Studying of the chromatogram object obtained under the above mentioned conditions by HPLC–MS/MS method was started by searching for the native compound furanoylfentanyl, because it may be excreted from the body in unchanged form. Since protonated molecular ions of this compound have the accurate mass of 375.2074. We used the computer software to create a chromatogram based on the specified 375.2074 Da ion with a 10 ppm search window (Figure 2). Besides, the spectrum of ion products was obtained for this compound with collision energy of 20 Ev (Figure 3).
As we can see, the main fragment ions for this compound have accurate masses m/z: 188.1448, 105.0702, 134, 0955, 254.1179. The formation of these ions can be explained by the fragmentation, presented in Figure 4.
In addition, the resulting spectrum as seen has common ions with the CID spectrum of fentanyl, presented in the library Broecker, Herre, and Pragst master forensic and toxicology accurate mass compound database with accurate mass MS/MS spectra (Figure 5). General fragmentation patterns are the result of a similar chemical structure of the compounds.
A product of monohydroxylation of the initial compound was suggested as one of probable metabolites. Its calculated mass is 391.2016 Da (the mass of a protonated molecular ion). During the study of the ion's chromatogram with 10 ppm search window, the following chromatogram was obtained. However, monohydroxy metabolite of this compound has not been detected.
Also, known as the major metabolite of fentanyl is norfentanil. For the present compound by appropriate metabolite must be a compound N-phenyl-N- (piperidin-4-yl) furan-2-carboxamide with the payment of the molecular ion mass of 271.1441. However, the compound with this molecular weight is also absent in the studied sample.
Next was applied other search algorithm to find metabolites of furanoylfentanyl. This algorithm is based on the assumption that fragmentation of metabolites will be similar to the native compound. Thus, the most intense fragment ions characteristic for the metabolites is m/z 188.1439, as well as for native compound. In the obtained chromatogram we found a few of ms / ms spectra comprising ion m/z 188.1439. Based on the obtained mass spectra and fragmentation of laws, for each of the spectrums have been proposed metabolites structure. Mass spectra and proposed metabolites structures are shown at Figure 6. Chromatograms for selected molecular ions ([M+H]+) characteristic of these metabolites are shown in Figure 7. The order of elution is the same sequence with the compounds at Figure 6A-6E. The last peak is native furanoylfentanil.
The next step was to find metabolites that contain more oxygen atoms.

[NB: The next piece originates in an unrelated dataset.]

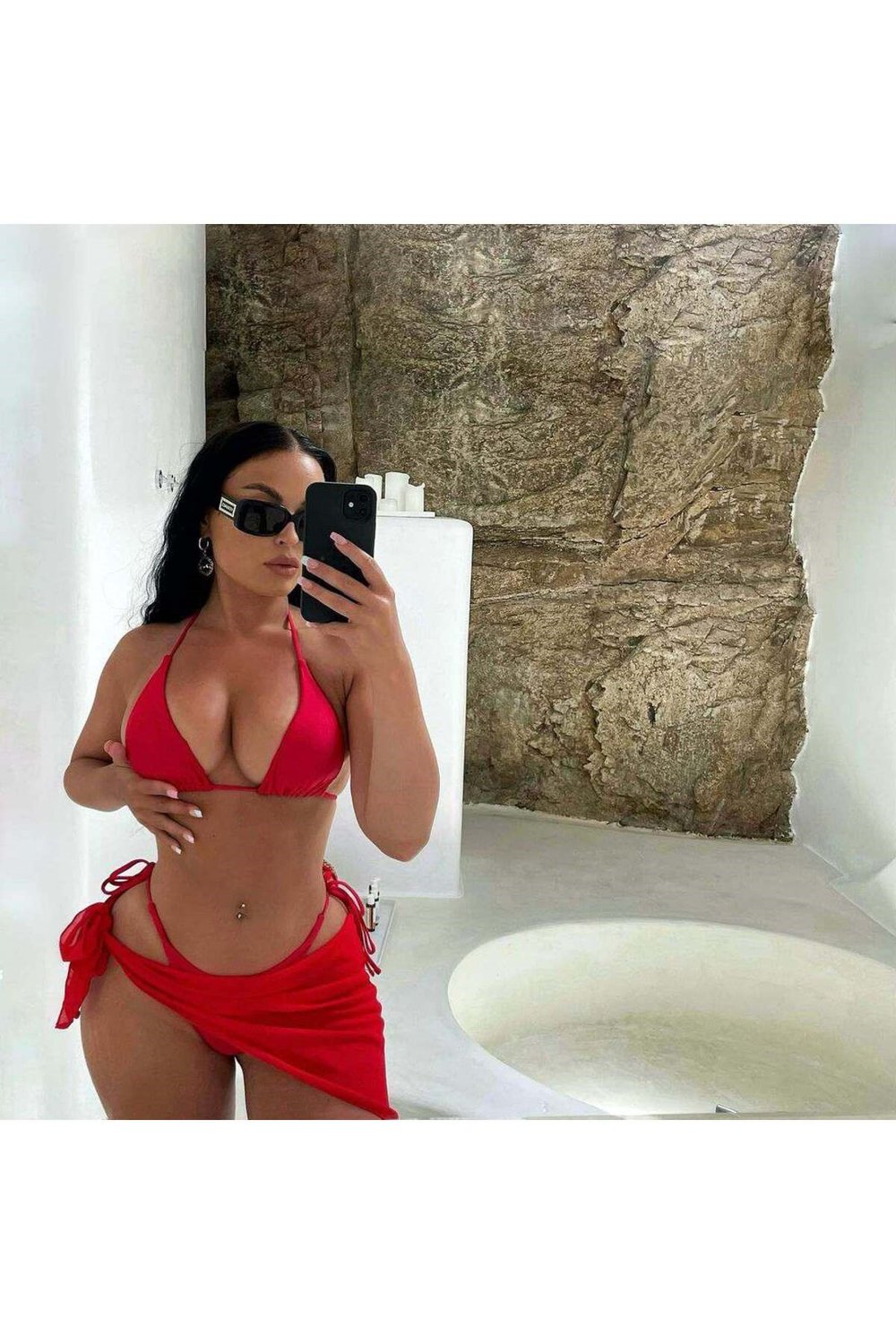 Marven bikini pareo set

In the obtained chromatogram, we searched the spectra containing fragment ion 204.1388, which is formed by introducing oxygen into the structure described previously ion 188.1439. In the obtained chromatogram we found a few of ms / ms spectra comprising ion m/z 204.1388. Based on the obtained mass spectra and fragmentation patterns, for each of the spectrums have been proposed metabolites structure. Mass spectra and proposed metabolites structures are shown at Figure 8. Chromatograms for selected ions characteristic of these metabolites are shown in Figure 9. The order of elution is the same sequence with the compounds at Figure 8. The last peak is native furanoylfentanil.

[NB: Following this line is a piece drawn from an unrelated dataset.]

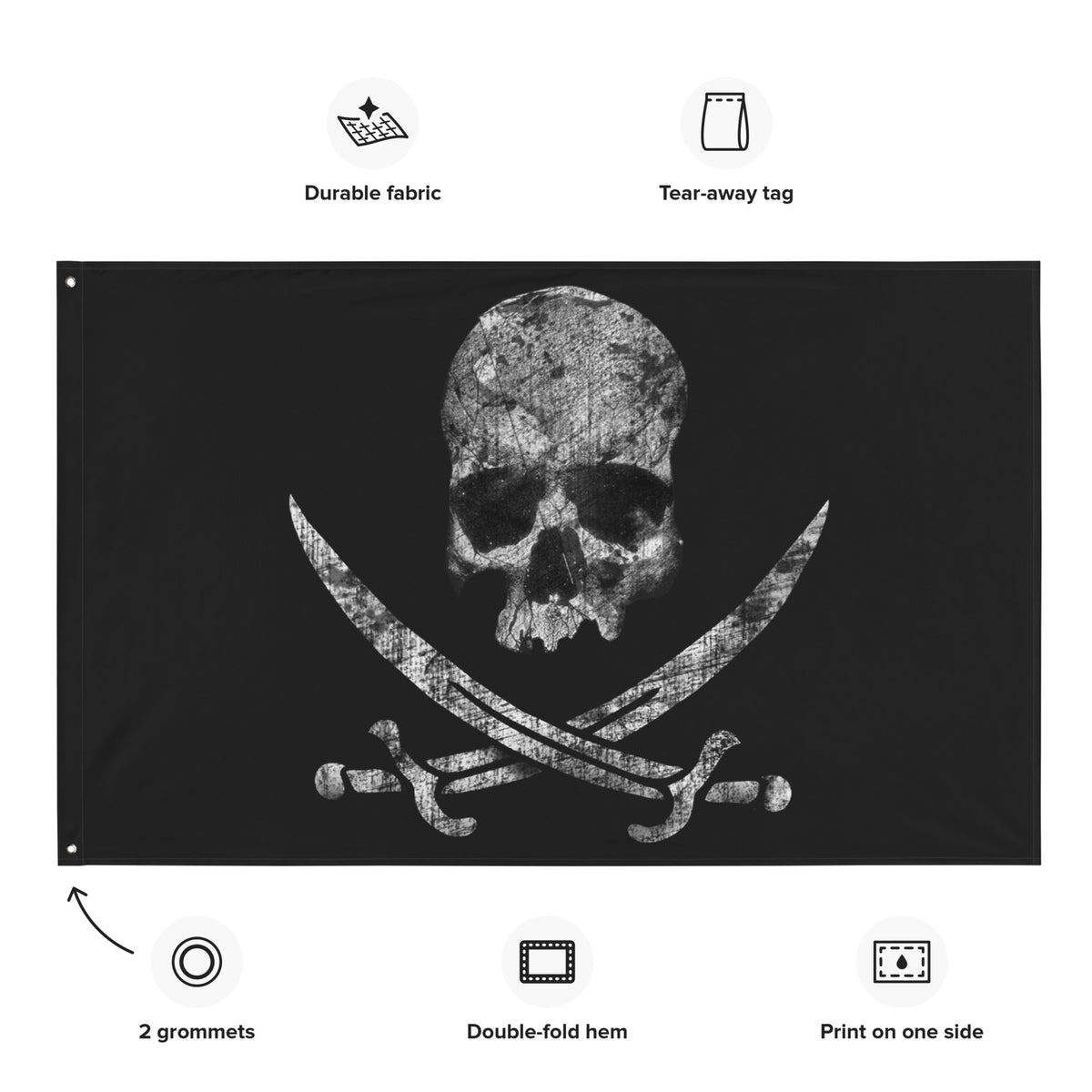Hoist The Black Flag Wall Flag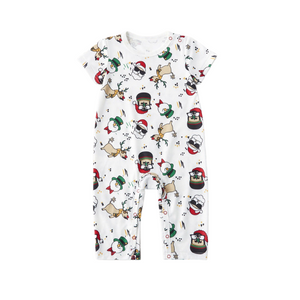 White Santa Matching Family Pajamas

Thus, in the course of this thesis the possibility of using HPLC-HRMS method have been demonstrated as the primary and confirmatory methods analysing of urine human sample, who took a synthetic opioid Furanoylfentanyl, as an example. In addition to the basic substance in the urine have been found its metabolites and as a result its structure are proposed. Moreover, it is considered the basic way of identification by HPLC-HRMS using prediction accurate weight formed metabolites in aggregate with the study of the fragmentation protonated molecular ions in the collision cell and comparing this fragmentation with established spectrum native substances.